Reproduce the data in its entirety, exactly as written.
Start of Recorded data
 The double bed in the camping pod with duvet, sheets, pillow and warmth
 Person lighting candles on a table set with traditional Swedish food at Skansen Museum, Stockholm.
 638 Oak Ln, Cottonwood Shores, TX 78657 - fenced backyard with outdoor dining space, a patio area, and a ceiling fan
End of Recorded data
* **Output for this task**
 The double bed in the camping pod with duvet, sheets, pillow and warmth
 Person lighting candles on a table set with traditional Swedish food at Skansen Museum, Stockholm.
 638 Oak Ln, Cottonwood Shores, TX 78657 - fenced backyard with outdoor dining space, a patio area, and a ceiling fan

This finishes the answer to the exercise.